Running our simulation to measure the false
positive rate of Bloom filters under different configurations, Figure 1 shows how the
percentage varies as a function of size of the filter and number of hash codes.
In effect, the first value along the X axis represents a bit set size of 1 bit per item,
the second value (2^{15}) 2 bits per item, the third (2^{16}) 4 bits per
item etc^{1}.

*Figure 1: False positive rate of a Bloom filter representing a set of
2 ^{14} strings, as a function of number of bits allocated to the
filter and the number of hash codes.*

As intuitively expected, assigning only a very small number of bits per item results in very high false positive rates. With one or two bits per item, adding more hash codes is also of no benefit: it simply serves to "fill up" the bit set more quickly and hence increases rather than decreases the false positive rate. At 4 bits per item, adding more hash codes initially does improve the false positive rate, up to an optimum value of 3 hash codes and a false positive rate of 14.6%. Beyond this, we have gone past the "point of no return" where more hash codes effectively fill the bit space too quickly.

With 8 bits per item, the optimum false positive rate (2.14%) occurs with 6 hash codes. However, as is often the case, there is a range of values where we might argue that the benefit of adding an extra hash code rapidly diminishes. Figure 2 shows more clearly how false positive rate varies as a function of the number of hash codes, for Bloom filters with 8 bits and 16 bits per item. After a clear benefit for the first 2 or 3 hash codes, the curve rapidly plateaus in both cases.

*Figure 2: False positive rate by number of hash codes, showing the
increasingly diminishing returns of adding an extra hash code up to the
optimum value.*

The information we have seen means that for many applications, reasonable
Bloom filter configurations will have between 4 and 16 bits per item and
between 2 and 4 hash codes. Table 1 below gives the actual false positive rates
observed^{2} in our experiment for values within these ranges:

Hash codes | 4 bits/item | 8 bits/item | 16 bits/item |
---|---|---|---|

2 | 15.4% | 4.8% | 1.4% |

3 | 14.6% | 3.0% | 0.49% |

4 | 15.8% | 2.4% | 0.24% |

Note that the mean bits per item does not actually need to be a power of 2: intermediate values, giving intermediate false positive rates, are in principle possible.

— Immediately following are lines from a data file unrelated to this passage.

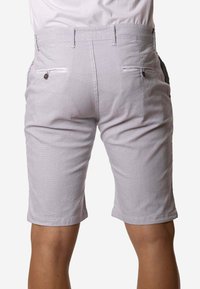 Vista trasera de una persona que lleva pantalones cortos de rodilla de color gris claro con bolsillos traseros abotonados y pasadores de cinturón.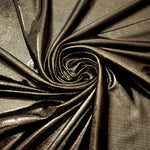 Dark Olive Taupe foiled spandex styled in a swirl, revealing metallic shine and flexible drape for dance costumes and occasion looks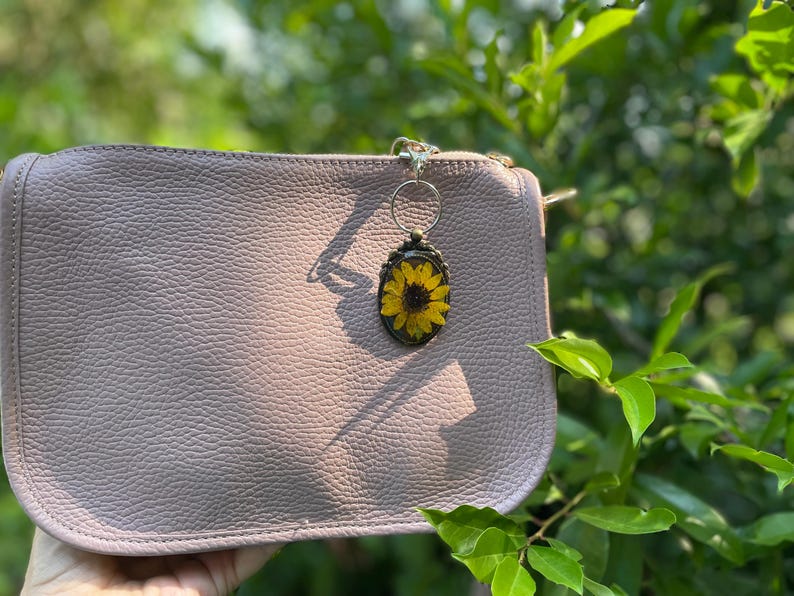 May include: A light mauve leather clutch with a sunflower keychain. The keychain features a yellow sunflower encased in a clear resin oval with a bronze-coloured frame. The clutch has a textured surface.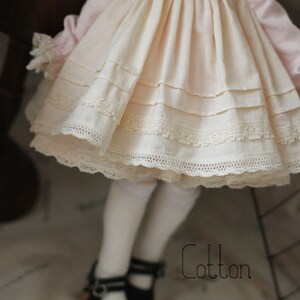May include: A white cotton dress with lace trim and a pink bodice. The dress has a gathered skirt and is worn by a doll with white tights and black shoes.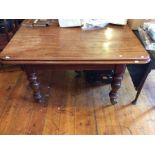 A William IV mahogany dining table with two additional leaves raised on turned support on brass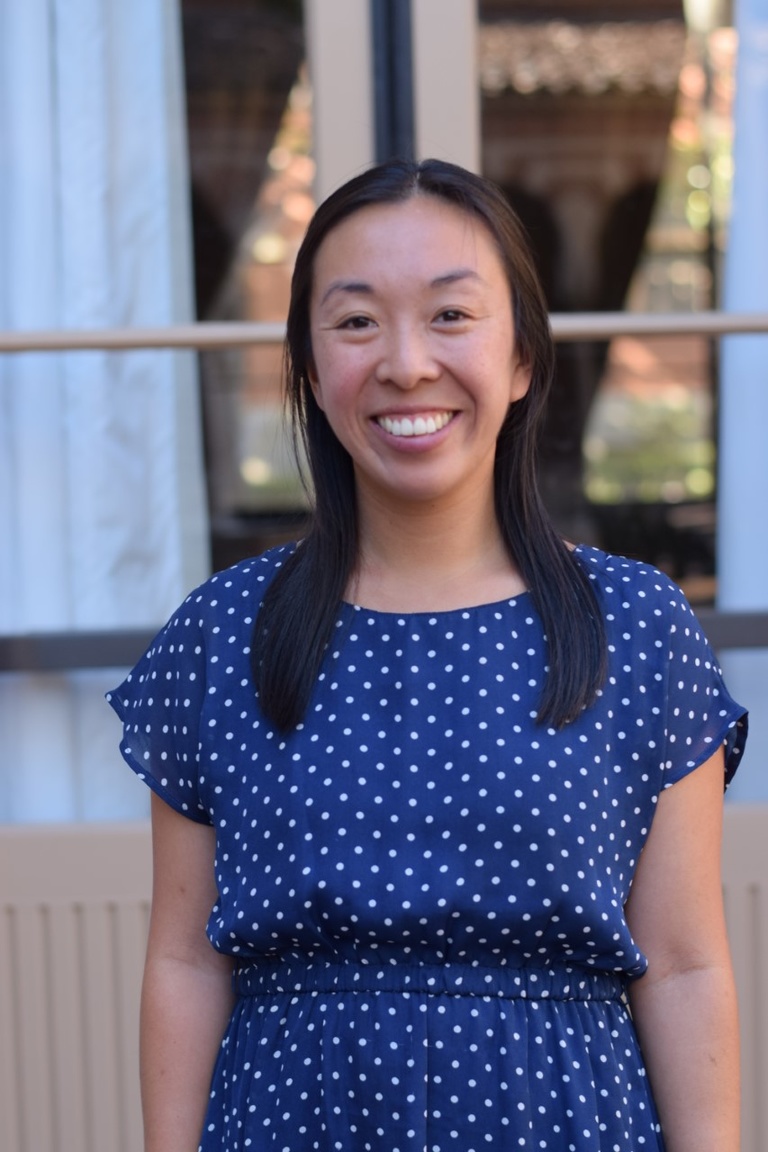 Head shot of smiling young Asian woman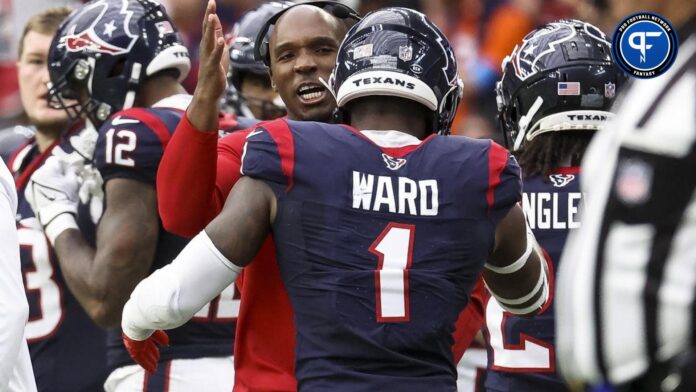 Houston Texans head coach DeMeco Ryans reacts with safety Jimmie Ward (1) after a play during the second quarter against the Denver Broncos at NRG Stadium.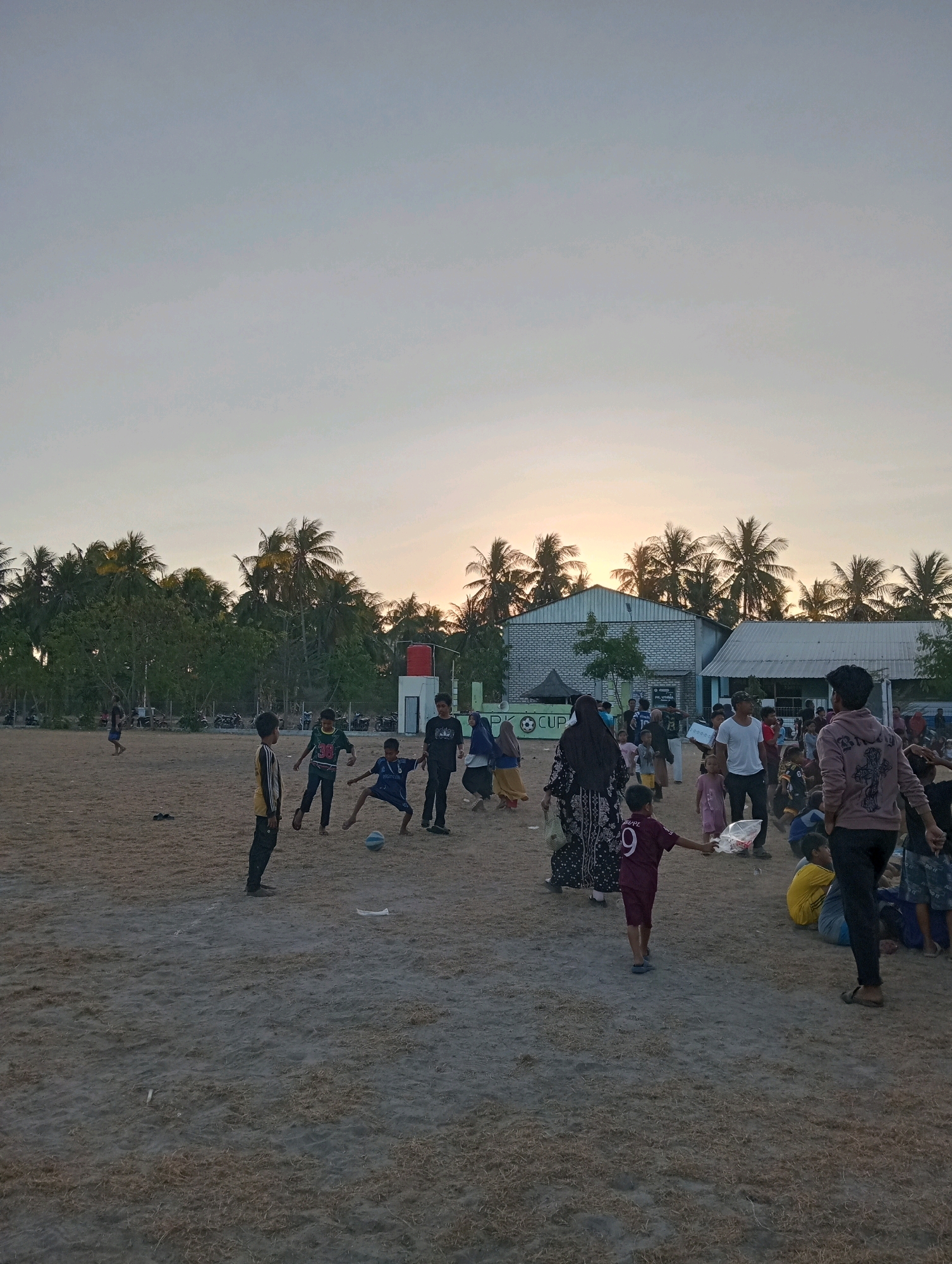 This is a photograph taken in Pagerungan Kecil, Indonesia, showing an outdoor gathering of people on a sandy field, likely a sports ground, at dusk. The sky is a pale gradient of blue and yellow, indicating either sunrise or sunset. Coconut trees form a dense line along the background, behind a few low-rise buildings, one of which has a red water tank on its roof.
Several individuals, predominantly children, are engaged in a game of soccer. One boy in a dark blue jersey and shorts is kicking a soccer ball, while others, including those in yellow, dark green, and black shirts, are positioned around him. Further into the scene, a larger group of people, including adults and children, are milling about. Some are standing, some are sitting, and others appear to be walking. A few individuals are carrying bags. The ground is dry and covered with sparse, dry grass and sand. In the mid-ground, several motorcycles are parked. The overall atmosphere suggests a community event or casual recreational activity.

1. Of course, this actually means that a size of 2^{23}, or 1024 bits
per item, is vastly unrealistic: our implementation is based on 64-bit hash codes,
so our purpose of using a Bloom filter is to improve on the 64 bits or so per item that
would ordinarily be required for a "normal" hash set that stored only the hash codes.

2. All of the percentages given are the mean of 10 runs of testing 1 million random
strings (so 10 million strings in total) as described in the previous section.